Rohr: Das stimmt nicht: Wir verurteilen das massiv, denn die Universitäten sollten unabhängig sein. Das ist in Österreich besonders schwer, denn schwarz-blau hat in Wahrheit alle Universitätsräte in entsprechender Farbe besetzt. Das haben wir mehrmals kritisiert.

Die Furche: Nach Meinung der AktionsGemeinschaft muss die ÖH politisch sein, sollte aber nicht parteipolitisch agieren. Ist die Hochschülerschaft ein bloßer Serviceverein?

Rohr: Sie ist schon mehr, nur sollte sie sich auf Hochschul- und Bildungspolitik konzentrieren. Es kann nicht sein, dass die ÖH als verlängerter Arm der Oppositionsparteien dient.

Fuchs: Erstens haben wir selbst mit 17 Broschüren das beste Service angeboten, seit es die ÖH gibt. Zweitens ist es gesetzlich verankert, dass wir gesellschaftspolitisch agieren sollen. Es stehen schließlich Fraktionen zur Wahl, die auch von verschiedenen Gesinnungen geprägt sind.

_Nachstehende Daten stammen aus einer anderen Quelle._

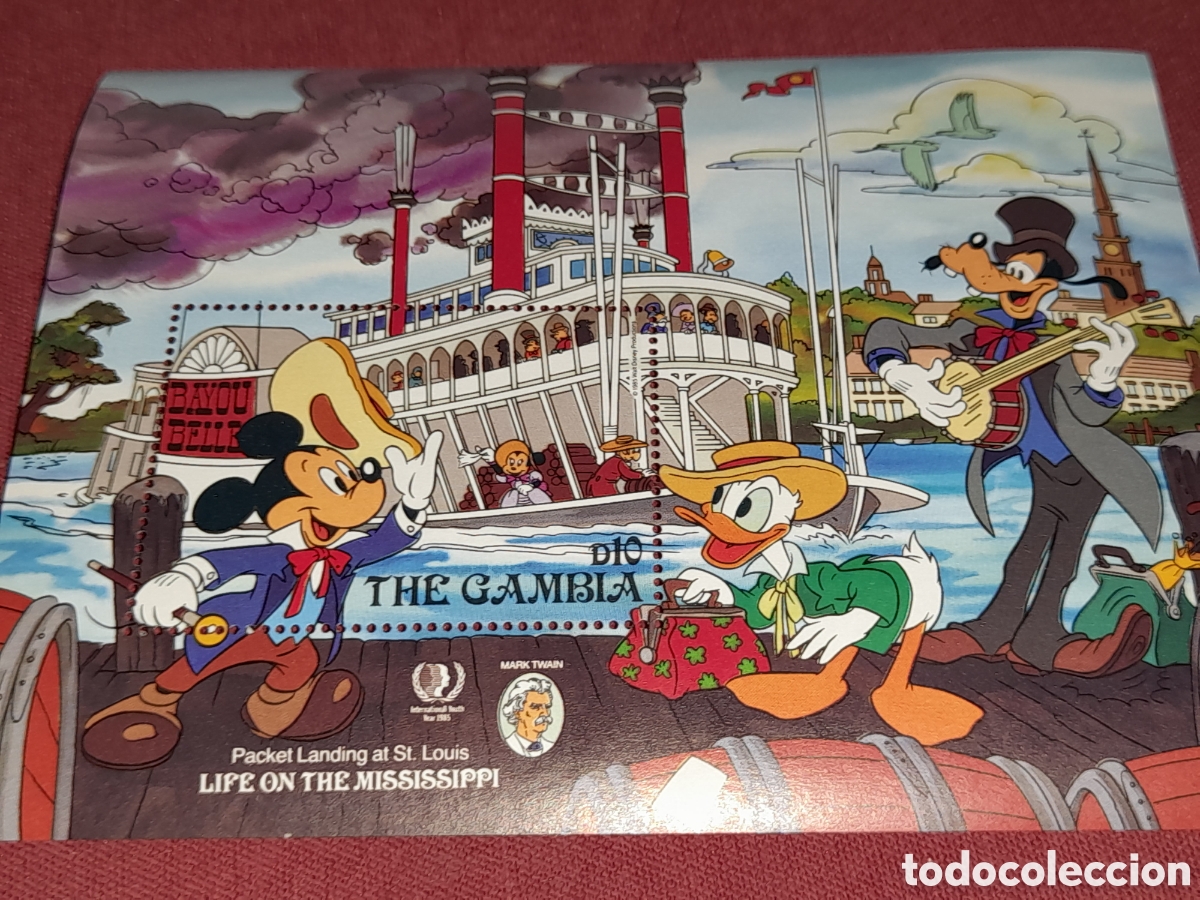 Sellos: HB Gambia nuevo 1985. 150Aniv nacimiento escritor Marx Twain. Arte. Literatura. Disney. Barco. Anima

Rohr: Das Problem ist, dass die ÖH-Führung überall engagiert war, wo auch die SPÖ mitgespielt hat, und konkret nichts erreicht hat - ob beim Sozialstaatsvolksbegehren oder bei der Pensionsreform.

Fuchs: Wenn wir schon von parteipolitischer Unabhängigkeit sprechen: Jene Leute, die das Geld-zurück-Modell unterstützen, sind durchwegs ÖVP-Menschen.

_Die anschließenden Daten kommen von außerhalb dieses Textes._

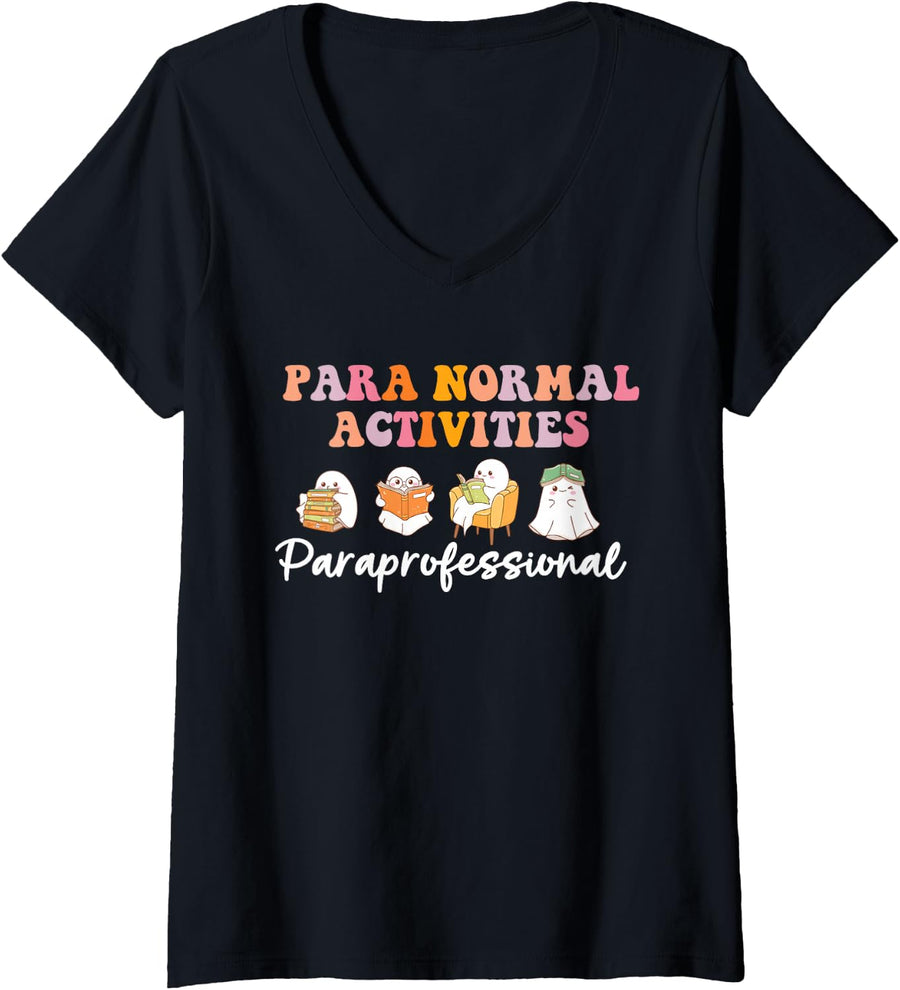 Women's Paraprofessional Halloween Sped Teacher V-Neck T-Shirt - Black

Rohr: Nicht ganz. Am Wochenende haben in einer Presseaussendung auch Josef Broukal und Erwin Niederwieder die Einführung begrüßt - beide bekanntermaßen Wissenschaftssprecher der SPÖ.

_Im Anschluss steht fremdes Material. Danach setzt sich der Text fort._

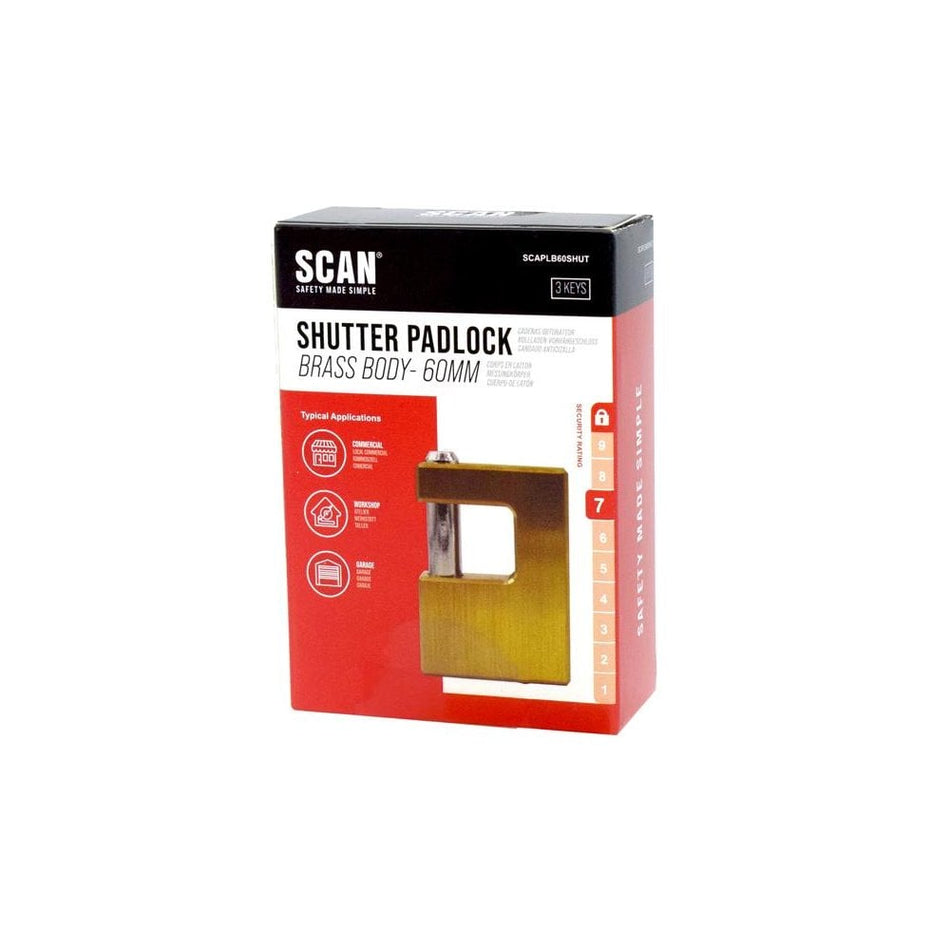 Scan Brass Shutter Padlock 60mm-SCAPLB60SHUT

Fuchs: Broukal hat sich hier unqualifiziert geäußert. Aber Niederwieser hat die Aussage ohnehin wieder zurückgezogen.

Die Furche: Die ÖH gilt als Kaderschmiede für Parteien. Haben Sie selbst Lust auf mehr Parteipolitik?

Rohr: Also ich nicht. Parteipolitik ist nichts für mich.

Fuchs: Das Spannende an der ÖH ist, dass man relativ große Freiheiten hat und trotzdem Akzente setzen kann. Die Parteipolitik wäre mir zu wenig Konzeptarbeit. Da möchte ich lieber Psychotherapeutin werden.

Das Gespräch moderierte Doris Helmberger.

ÖH-Wahlen

Rund 200.000 Studierende - ordentliche Hörer der staatlichen Universitäten, Privat-Unis und Pädagogischen Akademien - sind zugelassen, wobei ein Anstieg der traditionell niedrigen Wahlbeteiligung erwartet wird (zuletzt nur 28 Prozent). Mit 15 Mandaten in der 45-köpfigen Bundesvertretung wurde die VP-nahe AktionsGemeinschaft/AG zwar 2001 wieder stimmenstärkste Fraktion, verlor aber den Vorsitz an eine Koalition aus Grünen und Alternativen StudentInnen/ GRAS (12 Mandate), dem Verband Sozialistischer StudentInnen/VSSTÖ (11 Mandate) und dem Kommunistischen StudentInnenverband/KSV (2 Mandate). Letzterer schied im vergangenen Sommer aus der Koalition aus. Während Anita Weinberger (GRAS) im ersten Jahr den ÖH-Vorsitz innehatte, übernahm zuletzt Andrea Mautz (VSSTÖ) das Kommando in der ÖH-Exekutive. Insgesamt werden diesmal zwölf Fraktionen zur Auswahl stehen, darunter die Fachschaftslisten Österreich/FLÖ und das Liberale StudentInnenforum/LSF (2 Mandate) sowie der Ring Freiheitlicher Studenten/RFS (1 Sitz).